--- INFORMATION GIVEN Enclosed Below ---

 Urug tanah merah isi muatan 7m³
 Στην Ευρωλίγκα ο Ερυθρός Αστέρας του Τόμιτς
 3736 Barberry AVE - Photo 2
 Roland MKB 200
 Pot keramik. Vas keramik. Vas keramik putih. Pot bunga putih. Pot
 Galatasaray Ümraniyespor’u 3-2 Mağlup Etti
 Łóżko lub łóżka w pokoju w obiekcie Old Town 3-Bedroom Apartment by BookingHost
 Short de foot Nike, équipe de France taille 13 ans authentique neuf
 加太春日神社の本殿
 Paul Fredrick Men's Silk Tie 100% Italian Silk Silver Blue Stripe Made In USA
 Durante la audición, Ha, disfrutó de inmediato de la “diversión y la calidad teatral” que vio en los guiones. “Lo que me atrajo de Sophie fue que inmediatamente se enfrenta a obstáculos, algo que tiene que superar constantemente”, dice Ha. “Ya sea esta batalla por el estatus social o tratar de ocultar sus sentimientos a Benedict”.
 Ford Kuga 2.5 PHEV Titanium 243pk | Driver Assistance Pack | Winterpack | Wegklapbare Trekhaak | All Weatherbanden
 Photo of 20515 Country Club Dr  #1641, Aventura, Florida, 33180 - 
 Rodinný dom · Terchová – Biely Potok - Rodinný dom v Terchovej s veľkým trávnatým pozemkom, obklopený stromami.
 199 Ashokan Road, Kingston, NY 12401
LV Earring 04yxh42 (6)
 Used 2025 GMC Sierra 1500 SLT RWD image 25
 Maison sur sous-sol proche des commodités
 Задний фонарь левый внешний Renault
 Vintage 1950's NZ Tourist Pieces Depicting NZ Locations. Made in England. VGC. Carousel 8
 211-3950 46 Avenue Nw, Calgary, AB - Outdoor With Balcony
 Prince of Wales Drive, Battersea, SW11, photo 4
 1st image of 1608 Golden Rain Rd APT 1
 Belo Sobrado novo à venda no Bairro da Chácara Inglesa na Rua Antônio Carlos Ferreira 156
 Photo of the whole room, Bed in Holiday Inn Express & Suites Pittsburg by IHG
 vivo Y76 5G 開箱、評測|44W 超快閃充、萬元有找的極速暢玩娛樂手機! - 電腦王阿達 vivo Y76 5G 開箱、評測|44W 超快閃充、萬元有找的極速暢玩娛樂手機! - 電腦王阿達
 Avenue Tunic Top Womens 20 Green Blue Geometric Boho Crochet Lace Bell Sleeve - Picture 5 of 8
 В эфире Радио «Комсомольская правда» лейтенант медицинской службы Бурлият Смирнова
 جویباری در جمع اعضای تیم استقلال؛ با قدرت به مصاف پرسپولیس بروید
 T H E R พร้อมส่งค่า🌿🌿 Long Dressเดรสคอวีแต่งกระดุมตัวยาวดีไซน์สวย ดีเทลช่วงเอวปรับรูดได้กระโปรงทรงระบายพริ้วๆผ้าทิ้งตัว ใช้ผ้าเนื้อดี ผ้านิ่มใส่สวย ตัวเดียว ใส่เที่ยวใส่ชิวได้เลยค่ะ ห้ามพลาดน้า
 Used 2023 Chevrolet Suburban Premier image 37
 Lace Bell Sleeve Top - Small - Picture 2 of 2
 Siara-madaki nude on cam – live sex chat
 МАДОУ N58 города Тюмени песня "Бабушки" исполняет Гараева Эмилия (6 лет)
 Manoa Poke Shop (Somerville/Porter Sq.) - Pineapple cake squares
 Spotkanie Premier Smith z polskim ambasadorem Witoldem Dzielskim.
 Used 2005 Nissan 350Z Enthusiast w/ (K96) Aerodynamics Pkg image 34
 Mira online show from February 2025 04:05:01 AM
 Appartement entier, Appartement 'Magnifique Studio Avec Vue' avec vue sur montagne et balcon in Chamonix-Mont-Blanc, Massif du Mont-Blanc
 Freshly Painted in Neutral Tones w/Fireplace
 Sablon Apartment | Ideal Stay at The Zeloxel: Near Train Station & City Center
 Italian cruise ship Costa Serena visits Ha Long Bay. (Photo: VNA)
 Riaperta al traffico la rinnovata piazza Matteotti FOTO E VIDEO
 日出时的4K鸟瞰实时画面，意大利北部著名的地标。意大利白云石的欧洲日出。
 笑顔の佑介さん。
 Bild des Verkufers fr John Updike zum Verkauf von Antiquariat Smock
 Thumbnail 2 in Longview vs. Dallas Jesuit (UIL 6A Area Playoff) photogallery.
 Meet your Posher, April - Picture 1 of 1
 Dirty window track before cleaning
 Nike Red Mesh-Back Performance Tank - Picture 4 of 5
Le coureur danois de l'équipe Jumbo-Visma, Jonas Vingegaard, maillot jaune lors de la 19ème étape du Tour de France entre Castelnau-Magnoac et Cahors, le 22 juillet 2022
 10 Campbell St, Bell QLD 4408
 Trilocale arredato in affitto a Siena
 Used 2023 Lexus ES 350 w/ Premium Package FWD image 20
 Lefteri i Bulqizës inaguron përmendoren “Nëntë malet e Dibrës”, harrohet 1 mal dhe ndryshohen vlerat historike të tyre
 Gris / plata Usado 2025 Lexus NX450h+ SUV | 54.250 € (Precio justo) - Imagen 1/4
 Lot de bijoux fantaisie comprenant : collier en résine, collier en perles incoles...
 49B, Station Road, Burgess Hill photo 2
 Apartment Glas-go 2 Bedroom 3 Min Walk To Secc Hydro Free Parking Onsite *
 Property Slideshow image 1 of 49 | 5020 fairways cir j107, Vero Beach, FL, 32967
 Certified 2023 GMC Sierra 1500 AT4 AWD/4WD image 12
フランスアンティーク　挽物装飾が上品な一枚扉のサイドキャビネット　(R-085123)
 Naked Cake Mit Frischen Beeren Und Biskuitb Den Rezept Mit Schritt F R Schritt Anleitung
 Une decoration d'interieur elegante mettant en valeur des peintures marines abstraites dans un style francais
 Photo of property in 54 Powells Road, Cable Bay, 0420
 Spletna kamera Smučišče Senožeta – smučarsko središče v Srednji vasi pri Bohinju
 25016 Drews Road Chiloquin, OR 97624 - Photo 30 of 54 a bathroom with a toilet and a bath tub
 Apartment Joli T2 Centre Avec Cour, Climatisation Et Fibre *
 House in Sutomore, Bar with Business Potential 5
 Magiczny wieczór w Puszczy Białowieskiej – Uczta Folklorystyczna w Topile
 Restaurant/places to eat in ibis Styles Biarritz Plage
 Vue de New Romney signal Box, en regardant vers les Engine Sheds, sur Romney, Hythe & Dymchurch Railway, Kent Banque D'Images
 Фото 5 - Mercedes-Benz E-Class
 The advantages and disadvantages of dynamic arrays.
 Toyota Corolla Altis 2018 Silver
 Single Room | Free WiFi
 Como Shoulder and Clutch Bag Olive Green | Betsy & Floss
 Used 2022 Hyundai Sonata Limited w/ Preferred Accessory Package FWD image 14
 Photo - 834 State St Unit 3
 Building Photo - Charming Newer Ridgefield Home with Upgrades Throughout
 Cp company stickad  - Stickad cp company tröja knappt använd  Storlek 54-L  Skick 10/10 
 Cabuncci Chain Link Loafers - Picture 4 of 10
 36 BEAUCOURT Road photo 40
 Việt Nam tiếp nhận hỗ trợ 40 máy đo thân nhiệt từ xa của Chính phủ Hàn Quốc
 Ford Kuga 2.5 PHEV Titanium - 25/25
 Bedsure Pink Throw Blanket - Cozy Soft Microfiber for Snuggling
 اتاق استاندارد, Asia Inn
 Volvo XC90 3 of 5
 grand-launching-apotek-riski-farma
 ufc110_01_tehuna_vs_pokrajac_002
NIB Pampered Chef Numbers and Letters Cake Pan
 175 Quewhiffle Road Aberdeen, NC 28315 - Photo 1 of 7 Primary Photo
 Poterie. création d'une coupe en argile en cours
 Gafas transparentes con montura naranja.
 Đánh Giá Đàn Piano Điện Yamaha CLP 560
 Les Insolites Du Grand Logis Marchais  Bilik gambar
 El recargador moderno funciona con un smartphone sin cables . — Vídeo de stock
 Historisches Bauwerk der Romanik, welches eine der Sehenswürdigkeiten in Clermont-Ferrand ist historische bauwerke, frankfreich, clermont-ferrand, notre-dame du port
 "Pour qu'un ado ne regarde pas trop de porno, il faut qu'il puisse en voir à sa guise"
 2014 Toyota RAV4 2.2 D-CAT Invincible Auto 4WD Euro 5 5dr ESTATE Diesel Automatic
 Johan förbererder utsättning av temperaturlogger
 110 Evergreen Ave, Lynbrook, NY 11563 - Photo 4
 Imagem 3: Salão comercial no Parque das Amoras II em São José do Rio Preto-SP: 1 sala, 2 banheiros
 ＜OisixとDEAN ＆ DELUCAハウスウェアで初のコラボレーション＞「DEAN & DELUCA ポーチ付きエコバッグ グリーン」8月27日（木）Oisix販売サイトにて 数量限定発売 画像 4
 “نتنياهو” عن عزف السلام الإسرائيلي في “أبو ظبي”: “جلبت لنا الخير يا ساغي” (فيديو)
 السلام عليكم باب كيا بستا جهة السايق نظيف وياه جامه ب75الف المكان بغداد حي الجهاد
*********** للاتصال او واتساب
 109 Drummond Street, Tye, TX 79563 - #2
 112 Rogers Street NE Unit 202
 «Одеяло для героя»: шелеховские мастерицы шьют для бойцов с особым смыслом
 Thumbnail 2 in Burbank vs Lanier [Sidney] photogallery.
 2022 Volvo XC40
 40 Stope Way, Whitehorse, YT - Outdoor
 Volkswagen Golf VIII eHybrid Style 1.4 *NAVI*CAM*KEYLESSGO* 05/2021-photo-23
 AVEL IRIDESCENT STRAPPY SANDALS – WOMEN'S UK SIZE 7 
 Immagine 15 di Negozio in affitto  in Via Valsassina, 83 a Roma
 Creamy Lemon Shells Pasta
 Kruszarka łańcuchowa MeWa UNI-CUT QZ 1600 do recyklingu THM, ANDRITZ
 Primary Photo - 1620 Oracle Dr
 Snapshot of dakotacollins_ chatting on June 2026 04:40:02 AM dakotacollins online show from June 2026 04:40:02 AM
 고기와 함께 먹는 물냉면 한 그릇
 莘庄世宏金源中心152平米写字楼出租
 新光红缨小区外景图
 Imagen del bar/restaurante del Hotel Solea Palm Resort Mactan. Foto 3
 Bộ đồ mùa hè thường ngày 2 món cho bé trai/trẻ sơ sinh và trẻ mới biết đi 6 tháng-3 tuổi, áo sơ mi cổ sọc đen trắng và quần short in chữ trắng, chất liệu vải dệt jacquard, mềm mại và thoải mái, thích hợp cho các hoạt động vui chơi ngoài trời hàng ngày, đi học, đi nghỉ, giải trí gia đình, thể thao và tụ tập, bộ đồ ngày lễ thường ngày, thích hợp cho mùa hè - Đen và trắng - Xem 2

--- End of Enclosed INFORMATION GIVEN ---

TASK ITEM »
For this task, write out exactly the lines of the entries above, starting at the line with "Spletna kamera Smučišče" and ending at the line with "Johan förbererder utsättning", both included, and no others.

SOLUTION »
 Spletna kamera Smučišče Senožeta – smučarsko središče v Srednji vasi pri Bohinju
 25016 Drews Road Chiloquin, OR 97624 - Photo 30 of 54 a bathroom with a toilet and a bath tub
 Apartment Joli T2 Centre Avec Cour, Climatisation Et Fibre *
 House in Sutomore, Bar with Business Potential 5
 Magiczny wieczór w Puszczy Białowieskiej – Uczta Folklorystyczna w Topile
 Restaurant/places to eat in ibis Styles Biarritz Plage
 Vue de New Romney signal Box, en regardant vers les Engine Sheds, sur Romney, Hythe & Dymchurch Railway, Kent Banque D'Images
 Фото 5 - Mercedes-Benz E-Class
 The advantages and disadvantages of dynamic arrays.
 Toyota Corolla Altis 2018 Silver
 Single Room | Free WiFi
 Como Shoulder and Clutch Bag Olive Green | Betsy & Floss
 Used 2022 Hyundai Sonata Limited w/ Preferred Accessory Package FWD image 14
 Photo - 834 State St Unit 3
 Building Photo - Charming Newer Ridgefield Home with Upgrades Throughout
 Cp company stickad  - Stickad cp company tröja knappt använd  Storlek 54-L  Skick 10/10 
 Cabuncci Chain Link Loafers - Picture 4 of 10
 36 BEAUCOURT Road photo 40
 Việt Nam tiếp nhận hỗ trợ 40 máy đo thân nhiệt từ xa của Chính phủ Hàn Quốc
 Ford Kuga 2.5 PHEV Titanium - 25/25
 Bedsure Pink Throw Blanket - Cozy Soft Microfiber for Snuggling
 اتاق استاندارد, Asia Inn
 Volvo XC90 3 of 5
 grand-launching-apotek-riski-farma
 ufc110_01_tehuna_vs_pokrajac_002
NIB Pampered Chef Numbers and Letters Cake Pan
 175 Quewhiffle Road Aberdeen, NC 28315 - Photo 1 of 7 Primary Photo
 Poterie. création d'une coupe en argile en cours
 Gafas transparentes con montura naranja.
 Đánh Giá Đàn Piano Điện Yamaha CLP 560
 Les Insolites Du Grand Logis Marchais  Bilik gambar
 El recargador moderno funciona con un smartphone sin cables . — Vídeo de stock
 Historisches Bauwerk der Romanik, welches eine der Sehenswürdigkeiten in Clermont-Ferrand ist historische bauwerke, frankfreich, clermont-ferrand, notre-dame du port
 "Pour qu'un ado ne regarde pas trop de porno, il faut qu'il puisse en voir à sa guise"
 2014 Toyota RAV4 2.2 D-CAT Invincible Auto 4WD Euro 5 5dr ESTATE Diesel Automatic
 Johan förbererder utsättning av temperaturlogger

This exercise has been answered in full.